DATA UNDER STUDY:
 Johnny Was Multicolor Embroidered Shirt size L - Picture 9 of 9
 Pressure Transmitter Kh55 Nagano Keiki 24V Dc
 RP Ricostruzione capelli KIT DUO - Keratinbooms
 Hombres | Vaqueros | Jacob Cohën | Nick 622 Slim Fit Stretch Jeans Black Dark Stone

==

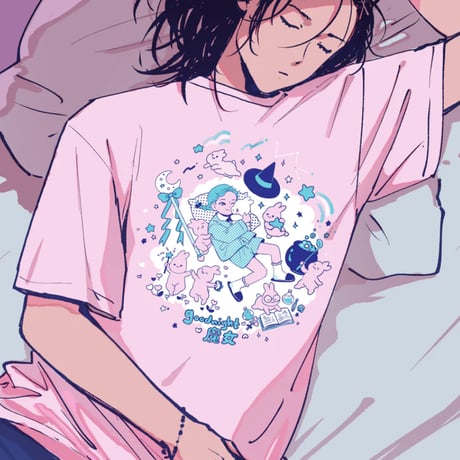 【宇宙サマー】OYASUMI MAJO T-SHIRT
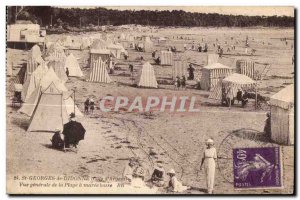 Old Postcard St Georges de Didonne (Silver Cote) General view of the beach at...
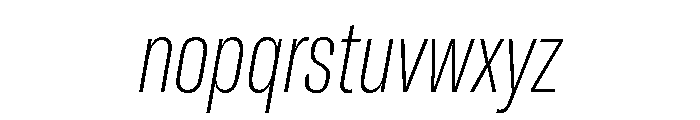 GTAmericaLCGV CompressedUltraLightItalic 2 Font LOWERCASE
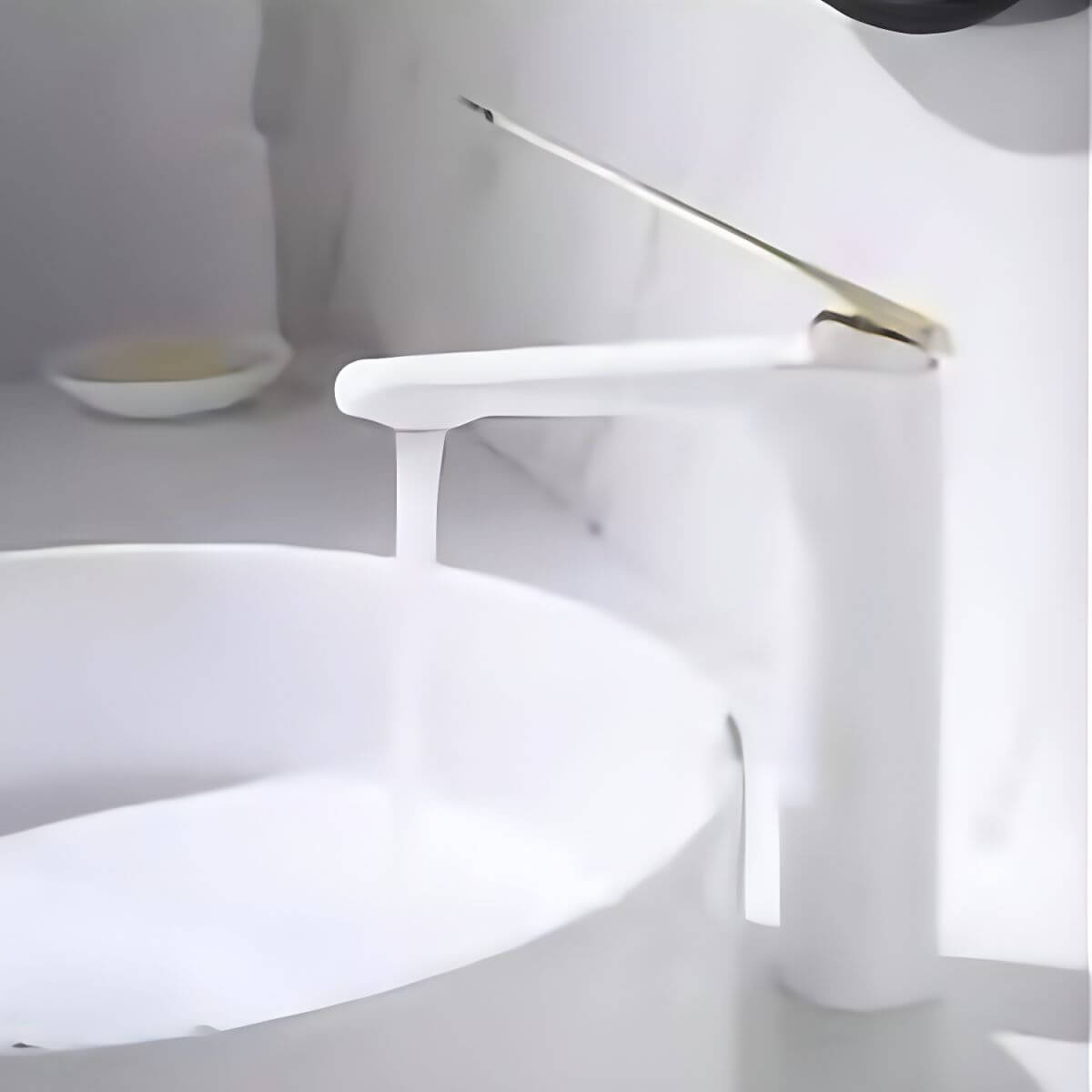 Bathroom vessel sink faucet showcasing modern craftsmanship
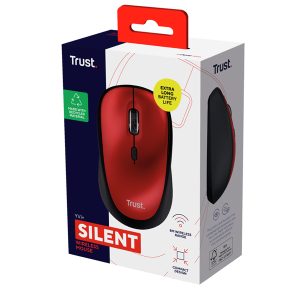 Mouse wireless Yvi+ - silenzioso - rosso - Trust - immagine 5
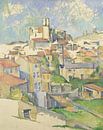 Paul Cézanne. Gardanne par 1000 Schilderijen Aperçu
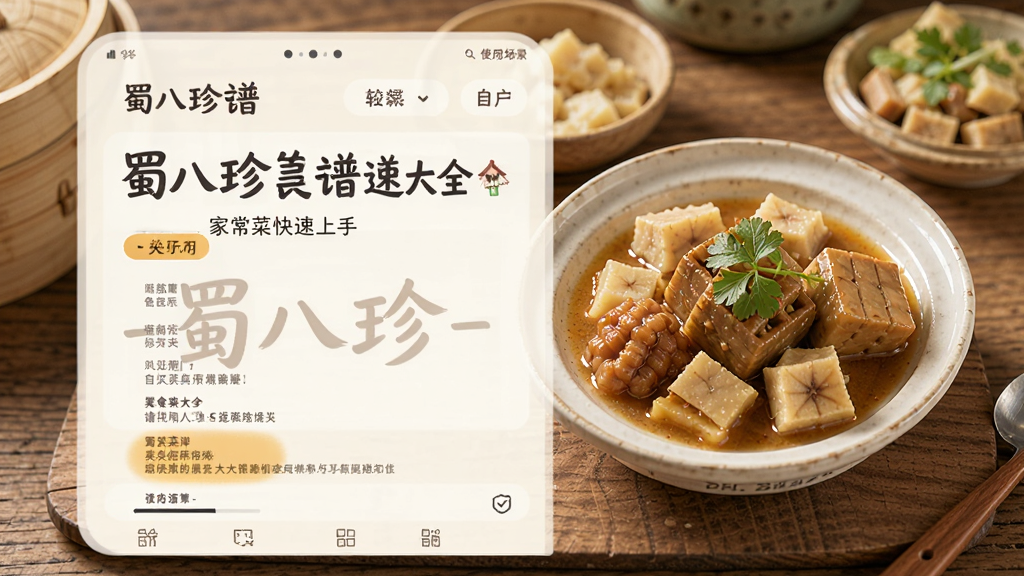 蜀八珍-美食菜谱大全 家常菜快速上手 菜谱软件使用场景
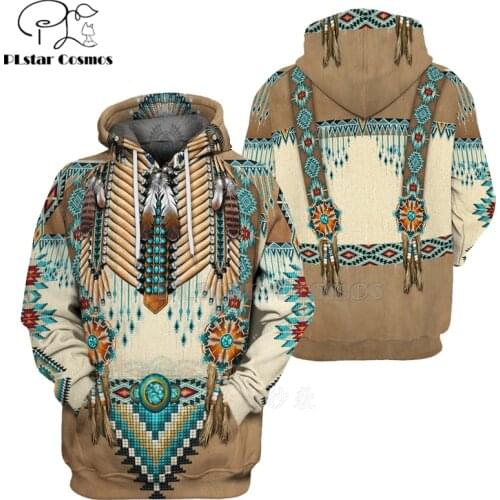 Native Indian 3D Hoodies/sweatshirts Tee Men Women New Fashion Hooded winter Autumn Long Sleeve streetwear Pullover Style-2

---

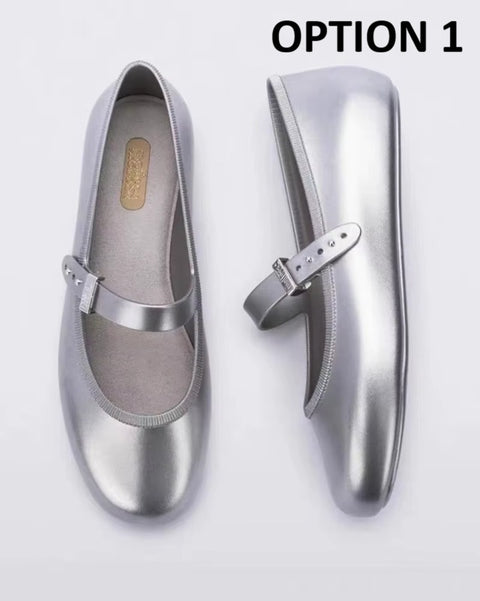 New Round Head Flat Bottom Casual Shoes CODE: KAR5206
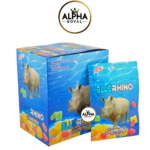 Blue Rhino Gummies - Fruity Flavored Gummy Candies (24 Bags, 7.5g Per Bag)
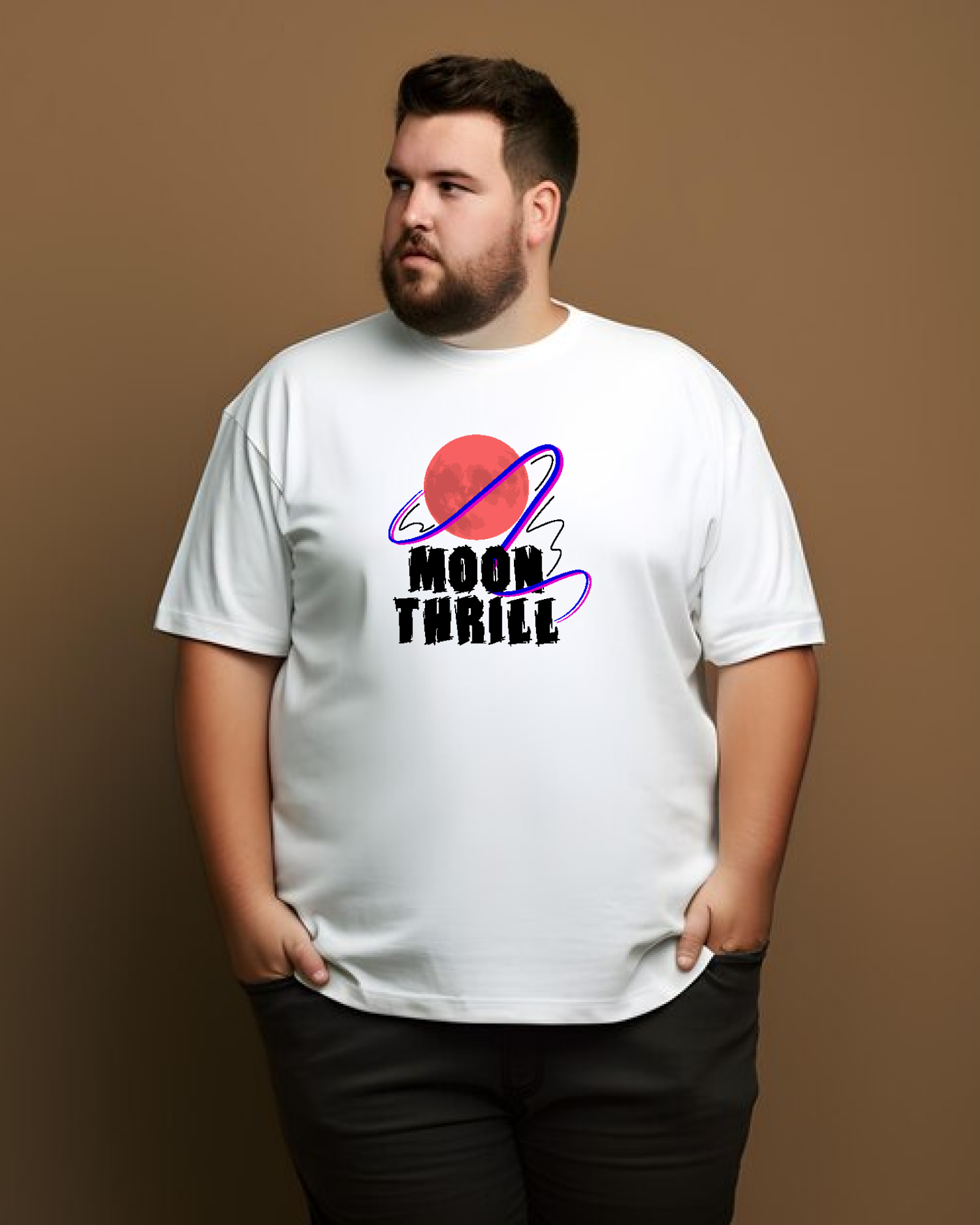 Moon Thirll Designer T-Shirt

EXERCISE AIM: Starting at the line containing "GTAmericaLCGV CompressedUltraLightItalic 2" and stopping at the line containing "Native Indian 3D", output every line above exactly, both ends included, with pictures omitted.

REPLY:
 GTAmericaLCGV CompressedUltraLightItalic 2 Font LOWERCASE
 Bathroom vessel sink faucet showcasing modern craftsmanship
 Mouse wireless Yvi+ - silenzioso - rosso - Trust - immagine 5
 Paul Cézanne. Gardanne par 1000 Schilderijen Aperçu
 蜀八珍-美食菜谱大全 家常菜快速上手 菜谱软件使用场景
 Native Indian 3D Hoodies/sweatshirts Tee Men Women New Fashion Hooded winter Autumn Long Sleeve streetwear Pullover Style-2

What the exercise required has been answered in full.